Since the first stage of disc disease begins with joint immobilization , use of the wobble chair attempts to restore motion to the pathological disc(s). However, patients with pathological discs often express a significant level of pain and discomfort. Additionally, the supportive soft tissue surrounding the injured disc splints in response to the localized inflammatory cascade. This process further limits the ability of the injured joint to move. Finally, the patient cognitively avoids certain movements to avoid a sudden onset or increase in pain and discomfort. With the wobble chair, the patient is instructed to perform only those motions that are pain-free or cause only minor, tolerable pain. As the patient repetitively performs the wobble chair exercises, the pain-free range gradually becomes bigger until the patient's symptoms are reduced. This procedure is currently being used with the Pettibon Wobble Chair in the emergency room of a New Jersey hospital by hospital-based chiropractors .
The Pettibon Wobble Chair has been previously reported as part of a comprehensive approach for various spinal complaints [25–27]. It is thought that that the wobble chair produces motion in lumbar discs, given that the pivot point of the wobble chair is approximately the size of an adult lumbar nucleus pulposus. Recent evidence suggests that this type of motion has a protective effect on the disc, even in degenerated states , possibly through mediation of inflammatory cytokines in the injured discal tissue. Immobilization may also be one of the major factors in the acceleration of disc disease . Therefore, motion-based therapies for lumbar disc disease and herniations, within the confines of patient tolerance, should be promoted. The biggest advantage in using the wobble chair is that patients can use a portable version at home without supervision, allowing the clinician to promote active care, patient independence, and reduce patient clinic time.
Prior to this case report, the Pettibon Wobble Chair has only been used to "warm-up" the patients' spines prior to spinal manipulation [25–27]. This report is the first in the literature to suggest that this clinical treatment may facilitate a positive response in the treatment of EMG findings secondary to lumbar intervertebral disc disorders.
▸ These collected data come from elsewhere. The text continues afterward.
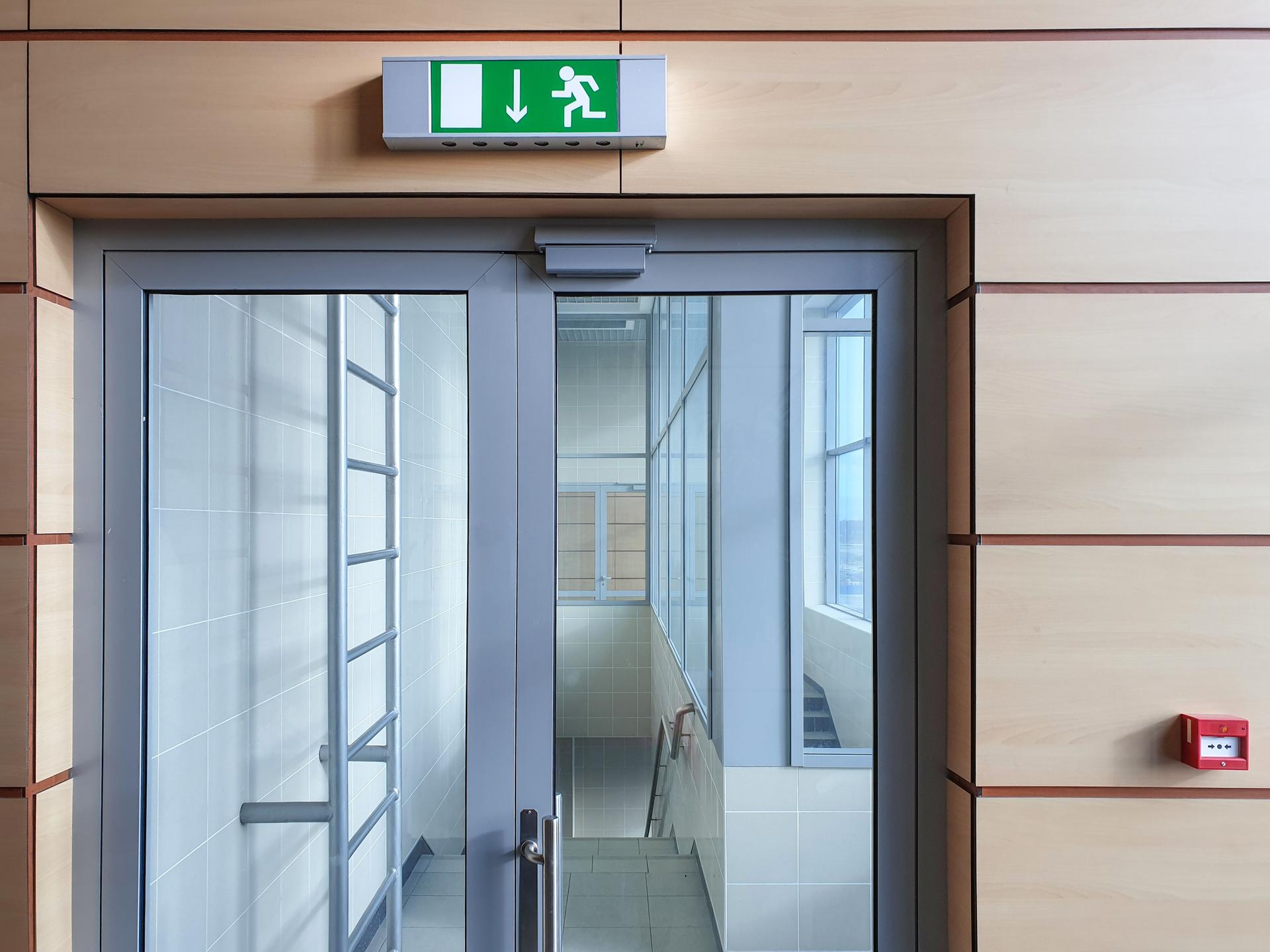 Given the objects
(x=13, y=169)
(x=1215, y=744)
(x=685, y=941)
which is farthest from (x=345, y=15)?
(x=1215, y=744)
It is unknown if the patient would have been considered a good candidate for surgical intervention, given that the patient refused a neurosurgical consultation. However, had this patient displayed findings suggestive of cauda equina syndrome, including saddle paresthesia and loss of bowel and/or bladder control, he would not have been allowed to begin the treatment approach outlined here until neurosurgical consultation was completed. It is also noteworthy to discuss the role of diabetes in this case. The patient's age and history of diabetes may have contributed to the presence of EMG abnormalities. However, given the improvements found in the post-treatment EMG findings, despite consistent continued diabetic management, it is possible that the patient may have had an even better response if he didn't have diabetes. Diabetic history did not seem to adversely affect the results demonstrated in this case, given its continued presence throughout the study period. A recent study by Jensen et al  showed that, without treatment, disc bulges and protrusions causing nerve root compromise improved 3% and 38%, respectively, over a 14-month period. However, their results may not exactly apply to this case because this patient was asymptomatic, minus the clinical signs and EDX findings of lower limb neuropathy and radiculopathy. The severity of the motor, sensory, and reflex deficits warranted immediate intervention.
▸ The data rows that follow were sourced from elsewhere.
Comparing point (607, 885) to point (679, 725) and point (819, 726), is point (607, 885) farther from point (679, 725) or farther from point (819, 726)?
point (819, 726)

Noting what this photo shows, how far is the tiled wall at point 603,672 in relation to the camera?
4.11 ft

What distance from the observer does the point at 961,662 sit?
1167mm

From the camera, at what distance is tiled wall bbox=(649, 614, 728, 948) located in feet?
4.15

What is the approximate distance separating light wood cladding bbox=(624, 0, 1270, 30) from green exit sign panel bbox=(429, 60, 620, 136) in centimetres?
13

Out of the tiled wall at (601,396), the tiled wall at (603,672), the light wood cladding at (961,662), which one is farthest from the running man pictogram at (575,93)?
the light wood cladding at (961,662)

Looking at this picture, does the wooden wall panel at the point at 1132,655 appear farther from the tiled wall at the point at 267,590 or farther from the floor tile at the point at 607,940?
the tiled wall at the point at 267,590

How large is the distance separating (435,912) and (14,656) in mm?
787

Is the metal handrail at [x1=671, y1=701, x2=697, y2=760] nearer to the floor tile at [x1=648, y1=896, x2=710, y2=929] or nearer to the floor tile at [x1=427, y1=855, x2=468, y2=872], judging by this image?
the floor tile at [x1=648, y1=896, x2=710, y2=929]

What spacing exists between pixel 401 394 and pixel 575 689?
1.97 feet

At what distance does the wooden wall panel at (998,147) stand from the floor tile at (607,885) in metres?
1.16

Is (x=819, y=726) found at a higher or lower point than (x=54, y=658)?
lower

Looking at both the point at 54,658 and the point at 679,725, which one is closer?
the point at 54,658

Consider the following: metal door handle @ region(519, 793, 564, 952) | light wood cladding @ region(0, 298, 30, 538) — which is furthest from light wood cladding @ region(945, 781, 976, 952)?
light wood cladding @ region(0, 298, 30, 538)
In searching the MEDLINE and PubMed databases, I could not find any previous reports outlining chiropractic treatment of similar cases using electrodiagnostic testing as the prime outcome measure. Although post electrodiagnostic testing showed improved nerve function, it is unknown whether the treatment produced this result, or if reversal may have been the result of time. However, it is unlikely that leaving this problem untreated would have produced this outcome, given the extent of the clinical neurological findings as well as the slow healing rate of injured discs as discussed earlier.
Finally, a post-treatment MRI was not ordered in this case. The rationale for this is mainly outlined at the beginning of this paper. Since up to 76% of the asymptomatic population may have lumbar disc herniations , I did not feel that a post MRI study would yield clinically important information. As newer information becomes available pertaining to pathomechanisms of symptomatic lumbar disc herniation, prospective studies may be useful in determining if conservative therapies can consistently reduce these abnormalities.
Although case reports such as this do not account for placebo or permit randomization across controlled interventions, the findings of this study suggest that the use of a Pettibon Wobble Chair may have clinical value, pending further follow-up studies. It is important to note that the results reported in this study cannot necessarily be attributed to the clinical treatment outlined. It is possible that the results were facilitated by any one of the procedures outlined. Therefore, the direct results of the wobble chair are still unknown. However, given the prognosis and recurrence rate for this type of clinical presentation, it seems that the clinical approach at least as a whole played some factor in the positive response.